A logic HIGH is seen by the Arduino when the voltage at the node labelled GPIO is at, or near, \$V_{CC}\$ (in this case 5V). A LOW is seen when the voltage at GPIO is at or near \$0V\$.

With the switch SW1 open, there are just the two resistors in play - the pull-up, and the internal GPIO port's resistor. So, using simple maths, we can calculate the voltage that would be at GPIO.

First we calculate the ratio of the two resistors, using \$\frac{R2}{R1 + R2}\$, and then multiply it by the voltage, which is \$5V\$. So we have the sum:

$$ \frac{10,000,000}{10,000 + 10,000,000}×5 $$

We can of course simplify that by doing the addition, then cancelling out trailing zeros above and below the line:

$$ \frac{10,000,000}{10,010,000}×5 $$ $$ \frac{1,000}{1,001}×5 $$

And so the answer comes out as \$4.995V\$ - pretty much the full \$5V\$. So the Arduino see that as being HIGH, since it is above its "input logic high threshold", also known as \$V_{IH}\$ in datasheets.

So now what happens when we press the button? Well, basically we create a short circuit across the internal GPIO resistor. So now we can completely ignore that resistor, since we have essentially put a wire across it to short circuit it.

So now our sum gets changed slightly, since \$R2\$ is now \$0\Omega\$ (the resistance of the wire shorting out \$R2\$).

$$ \frac{0}{0 + 10,000}×5 = 0V $$

And of course, \$0V\$ is below the "input logic low threshold", or \$V_{IL}\$.

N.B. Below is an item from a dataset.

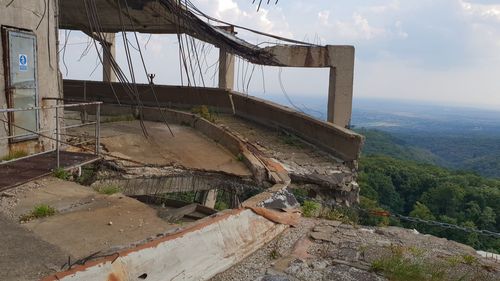 Abandoned car on land against sky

Another way of looking at it is that the GPIO, when the button is pressed, is directly connected to ground. No amount of tweaking of the resistor \$R1\$ will ever change the fact that the voltage at ground is \$0V\$. The only way you can change that is by short circuiting \$R1\$ so that becomes \$0\Omega\$ as well, and then you have basically short circuited your battery, and all your wires have now melted.

For reference, here is part of Table 28.2 from the ATMega328P data sheet detailing the input voltage thresholds:

enter image description here

We can see there the \$V_{IL}\$ and \$V_{IH}\$ voltages for the \$2.4V - 5.5V\$ \$V_{CC}\$ range listed as \$0.3V_{CC}\$ and \$0.6V_{CC}\$ respectively. Now, this doesn't refer to \$0.3V\$ and \$0.6V\$, but to \$0.3×V_{CC}\$ and \$0.6×V_{CC}\$.

If \$V_{CC}\$ is \$5V\$, then \$V_{IL}\$ is \$0.3 × 5 = 1.5V\$, and \$V_{IH}\$ is \$0.6 × 5 = 3V\$.

So any voltage seen on the GPIO pin that is below \$1.5V\$ is registered as a logic LOW, and any voltage see that is above \$3V\$ is registered as a logic HIGH.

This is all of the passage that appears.